A few years back, I decided to try to put a little bit of structure on how I kept records of such things as

  • ideas and thoughts I have, related to my work
  • procedures I performed in setting up machines and software
  • phone calls I’d had for arranging real-life things
  • important identifiers and numbers and so on
  • meeting notes
  • to-do lists

I’ve ended up with a loose collection of journal-like documents, each with a different feel.

  • A master org-mode document, which is always open in a buffer in my Emacs session.

    It contains

    • a plain-text time-stamped journal of thoughts, ideas, workings-through of proofs and formalisms, book and paper reviews, talk notes, meeting notes, phone call notes, etc.
    • detailed step-by-step records of how I’ve installed and configured various pieces of software for specific tasks; “how-tos”, essentially, for when I have to do the same kind of thing again
    • detailed step-by-step records of how I’ve set up various servers
    • to-do lists

    I use org-mode sections, with one top-level heading called Journal containing the bulk of the entries.

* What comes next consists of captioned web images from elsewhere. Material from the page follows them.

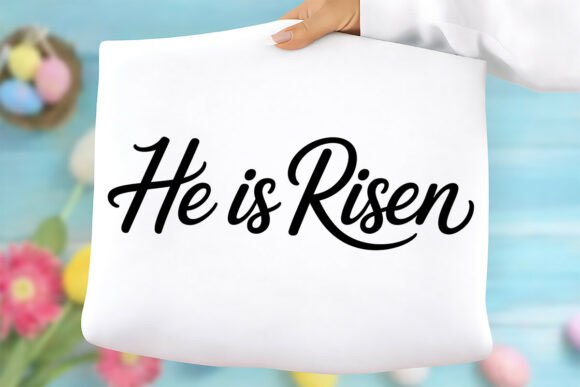 He is Risen PNG: Christian T-Shirt Designs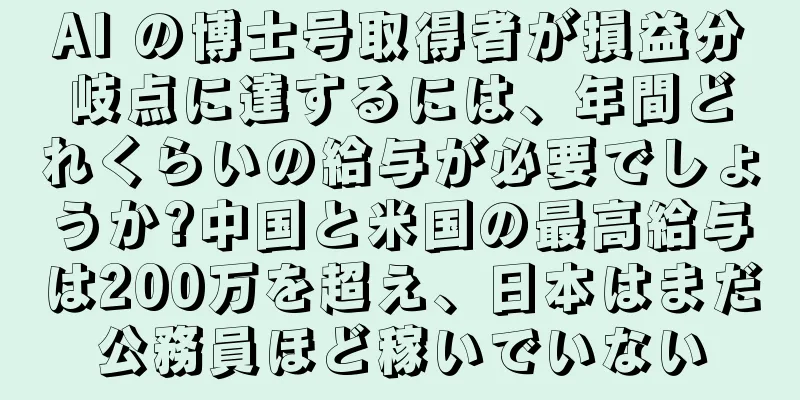 AI の博士号取得者が損益分岐点に達するには、年間どれくらいの給与が必要でしょうか?中国と米国の最高給与は200万を超え、日本はまだ公務員ほど稼いでいない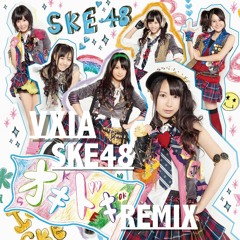 SKE48 "オキドキ" [Oki Doki] Remix Version by VXIA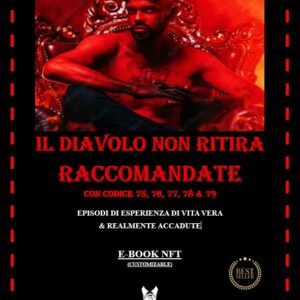 IL DIAVOLO NON RITIRA RACCOMANDATE -  Con codice 75, 76, 77, 78 & 79".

    To-do items each get a top-level heading of their own and an org-mode TODO tag. Completed to-do items are demoted to second-level and moved into a “done items” top-level heading.

    When I’m doing paid work, I use org-mode’s timesheet-management commands org-clock-in and org-clock-out under a Timesheet top-level heading; a couple of simple scripts help me prepare summaries for invoicing.

    Here’s a sample of just a few headings - each entry in the real document also has a bunch of text contained within it.

    * Journal
      :VISIBILITY: children
    ** (2011-05-08 14:31:13 tonyg) Vertical interpretation vs Horizontal interpretation :STUDY:
    ** (2011-05-19 00:00:00 tonyg) Inter-network routing: should be *tunnelling* not *chaining*
    ** (2011-05-19 11:49:40 tonyg) Memory Pool System - API for virtual machine interface? :STUDY:
    ** (2011-05-19 18:30:50 tonyg) Scripting languages integrate with system languages. :STUDY:
    ** (2011-05-23 00:00:00 tonyg) Origins of Credit-based Flow Control and Acks, functional this time
    ** (2011-05-24 10:13:33 tonyg) Message buffer size should be determined by arrival-time jitter  :IDEA:
    ** (2011-05-24 10:14:08 tonyg) Fine-grain scheduling in a distributed system using PLLs :IDEA:
    * TODO Build an imperative workalike os.rkt that uses real threads  :PROJECT:
    * TODO Upload ~/src/racket-kademlia
    * TODO racket-rc4: RSA, DSA, DH, ECDH, ECDSA, etc
    * TODO Thank-you notes for xmas gifts!
    * Old, done to-do items
    ** DONE Configure Flashbake and git-syncing for Uni
    ** DONE Write presentation
    ** DONE View mini-DVD and write up evaluation

    Some of the journal entries have gone on to become blog posts here.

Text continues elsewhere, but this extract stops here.